I titolari dei locali dell'associazione Pescara Vivano ribaltano l'appello rivolto loro dalle istituzioni perché "isolino" chi pensa a fare soldi più che a rispettare le regole: "Siamo da sempre sostenitori del divertimento di qualità"

“Gli esercenti storici del distretto di piazza Muzii, riuniti nell’ associazione Pescara Viva, sono da sempre sostenitori di un modello di divertimento sano e di qualità, ed il successo delle attività dimostra come la corsa al ribasso dei prezzi non sia necessariamente sinonimo di successo. Ecco perché chiediamo alle autorità competenti di vigilare affinché fra le nuove aperture non si inseriscano attività pronte invece a vendere 'cicchetti' a pochi centesimi, pratica commerciale che condanniamo e da cui prendiamo fortemente le distanze perché seccamente in contrasto con la nostra filosofia imprenditoriale e di sano divertimento di qualità. Vogliamo continuare a tenere alta la qualità della clientela e dell’offerta commerciale, e chiediamo alle autorità di fare pienamente la loro parte per evitare la diffusione di politiche commerciali che vogliamo scoraggiare”.

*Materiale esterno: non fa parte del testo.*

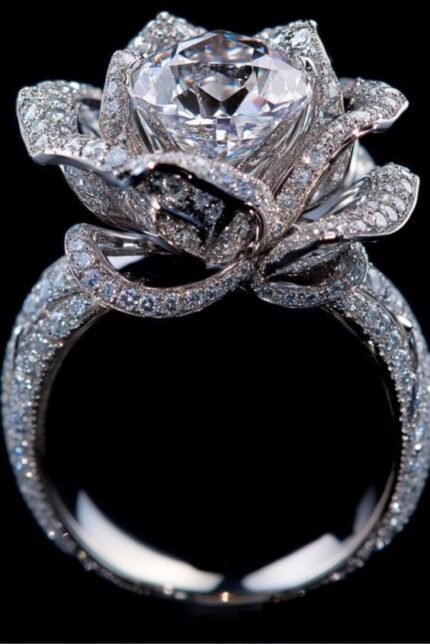 D&J Diamonds & Jewels Luxury Rose Bloom Halo Ring – Silver Tone Pave Crystal Floral Engagement Ring for Women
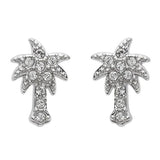 Shanores Swarovski Crystals White Palm Tree Stud Earrings from Ocean Jewelry feature sterling silver palm tree studs adorned with sparkling clear gemstones, resembling stylish miniature palm trees.
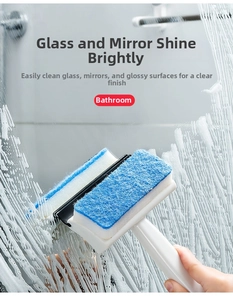 Dual-sided window squeegee with blue sponge and black rubber blade cleaning soapy glass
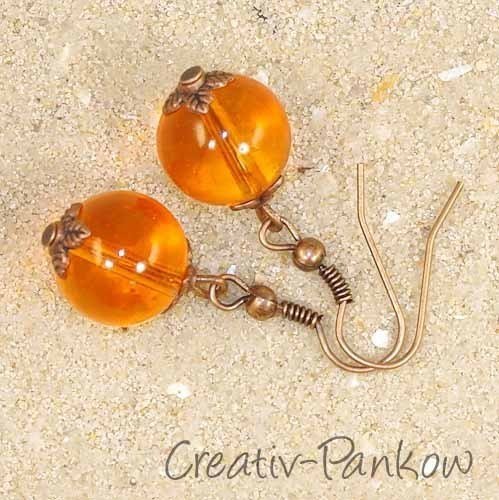 Kupferfarbene Ohrhänger "Orange Glas-Perlen" 12mm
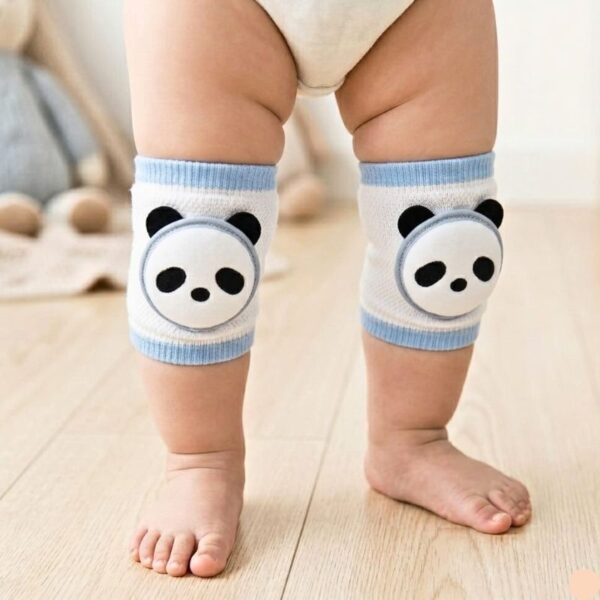 Panda Crawl Protect Soft Baby Knee Pads (Blue/White)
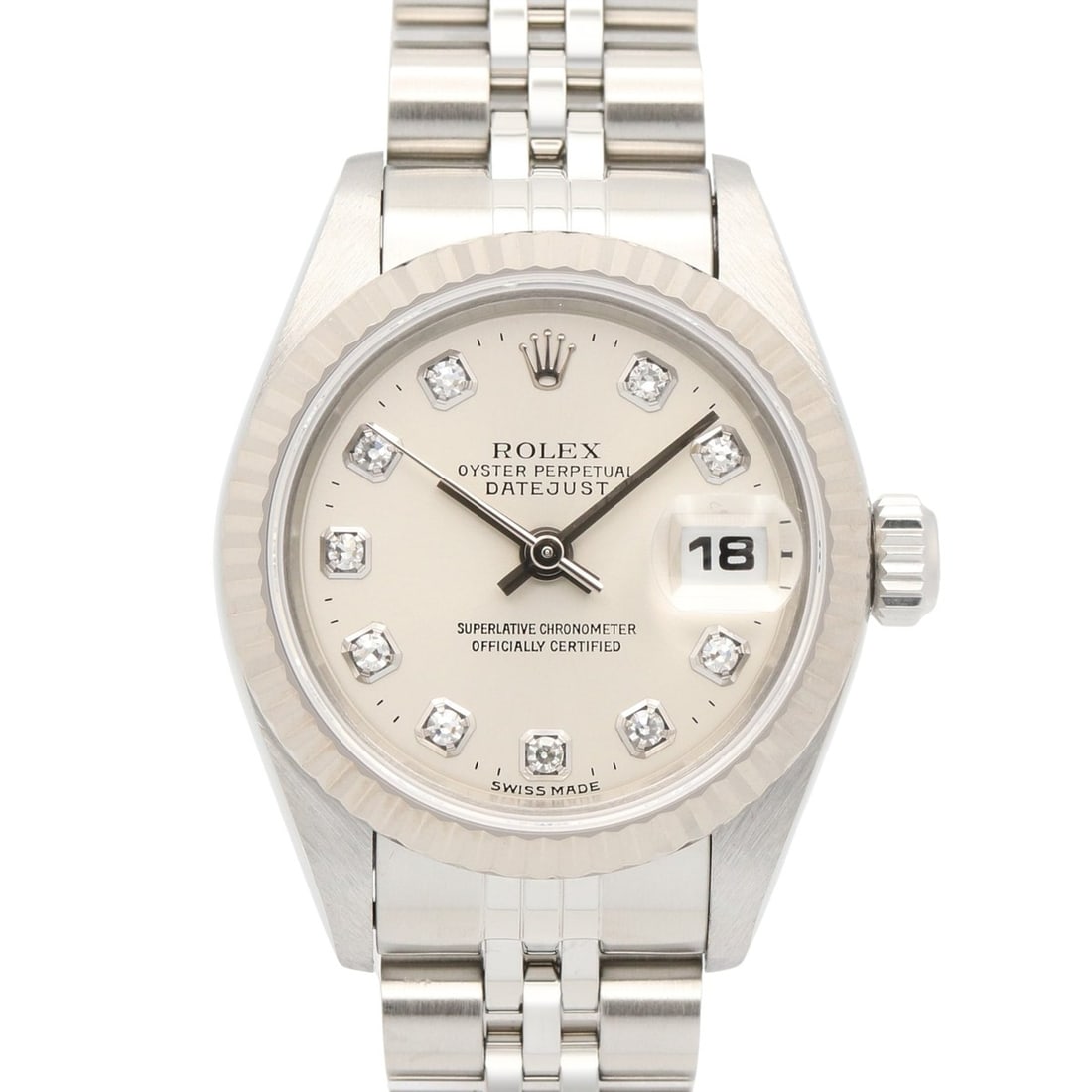 Rolex Datejust 10P Diamond U-serial Watch, 18K White Gold (WG) Stainless Steel, Diamond, Ladies',: --- Catalog ---Category: SizeWrist Size: 17cm / 6.69''Case Diameter: 26mm / 1.02''Category: DesignType: WristwatchGender: WomenColor (Dial): SilverMaterial (Band): Stainless steel, White gold (18K)Mat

Con queste parole gli esercenti intervengono a seguito dei disordini registrati nella notte di Pasqua in centro città, dove si concentra il cuore della movida. Se le istituzioni si sono appellate a loro per chiedere di isolare chi, invece che pensare al rispetto dei diritti di tutti si preoccupa del facile guadagno, gli esercenti l'appello lo rivolgono a loro chiedendo che sia chi governa la città a vigilare per evitare che persone che hanno come priorità quella del cicchetto a pochi centesimi, non ottenga i permessi per poter lavorare.